Sadly, the GBA features no hardware based collision detection. We'll just have to do it ourselves. The easiest way to do collision detection is with a bounding box. We'll imagine one around our sprite, and then we'll use the screen entry map right out of video memory to figure out if we should stop or not.

Gotchas[edit]

Currently we've been moving two pixels at a time so the movement is relatively quick.
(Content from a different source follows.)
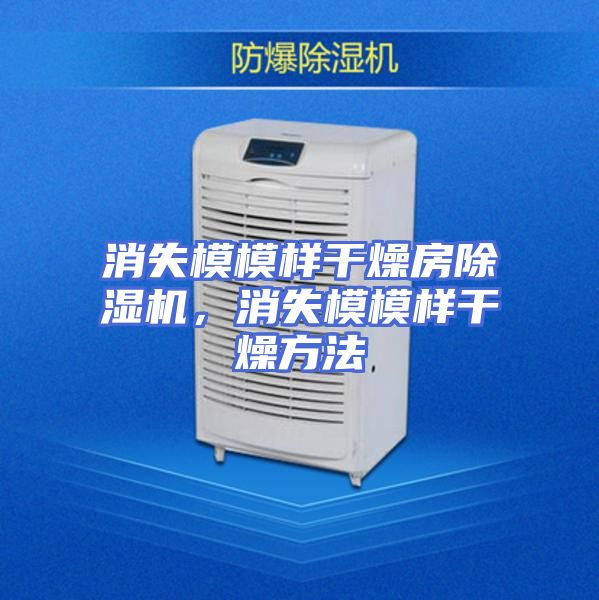 消失模模样干燥房除湿机，消失模模样干燥方法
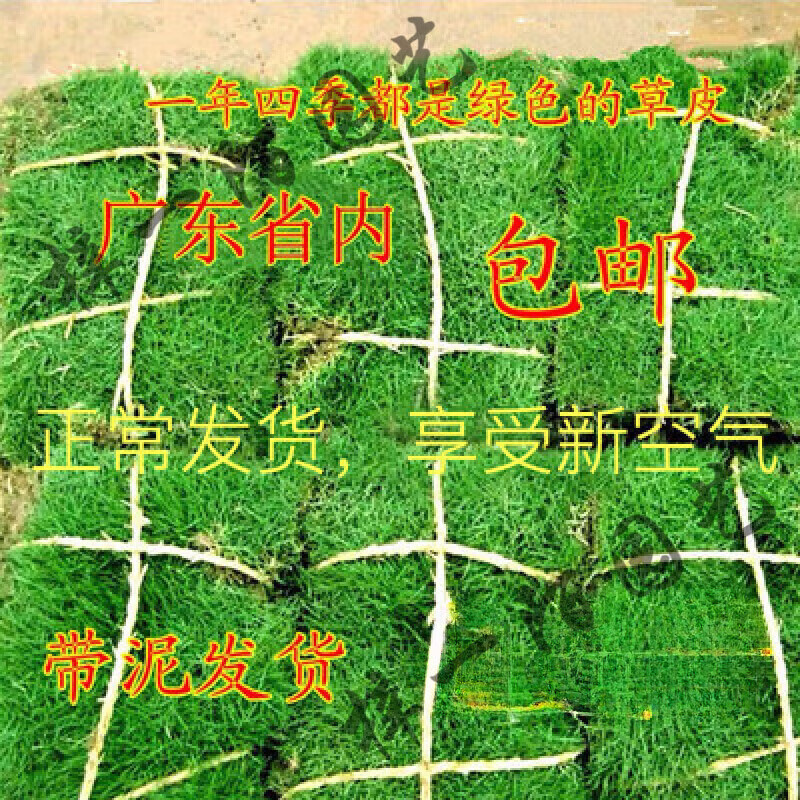 草皮真草别墅庭院绿化马尼拉地毯草耐寒草坪带泥土免剪台湾草带土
We'll have to make sure we're doing our collision detection at the pixel-by-pixel basis so that we don't mess up and collide too early or too late.

Implementation[edit]

#include <tonc.h>
#include "data.h"
#include "sprites.h"

#define MAP_WIDTH 64*8
#define MAP_HEIGHT 32*8
#define SPEED 2
#define COLLISION_X 1
#define COLLISION_Y 2

// The buffer to store the OAM entries between vblanks
OBJ_ATTR obj_buffer[128];

// Converts x and y into the appropriate screen entry
int se_index(int x, int y) {
	int base = 0;
	
	if (x >= MAP_WIDTH/2) {
		x -= MAP_WIDTH/2;
		base = 32*32;
	}

	return base + (y>>3<<5) + (x>>3);	
}

// Returns true if we have a collision tile at x,y
int point_collision(int x, int y) {
	int i = se_index(x,y);
	int tid = se_mem[30][i];
	tid = tid & 0xFF; // Chop off the lower bits
	
	return (
		tid == 64 ||
		tid == 65 ||
		tid == 66 ||
		tid == 96 ||
		tid == 97 ||
		tid == 98 ||
		tid == 99 ||
		tid == 128 ||
		tid == 129 ||
		tid == 130 ||
		tid == 131 ||
		tid == 161 ||
		tid == 162 ||
		tid == 163
	);
}

// Test if there would be a collision given the bounding box and the proposed
// x and y offsets
int collision_test(int x1, int y1, int x2, int y2, int xofs, int yofs) {
	int result = 0;

	if (xofs > 0) {
		if (point_collision(x2+xofs,y1) || point_collision(x2+xofs,y2))
			result = COLLISION_X;
	}
	else if (xofs < 0) {
		if (point_collision(x1+xofs,y1) || point_collision(x1+xofs,y2))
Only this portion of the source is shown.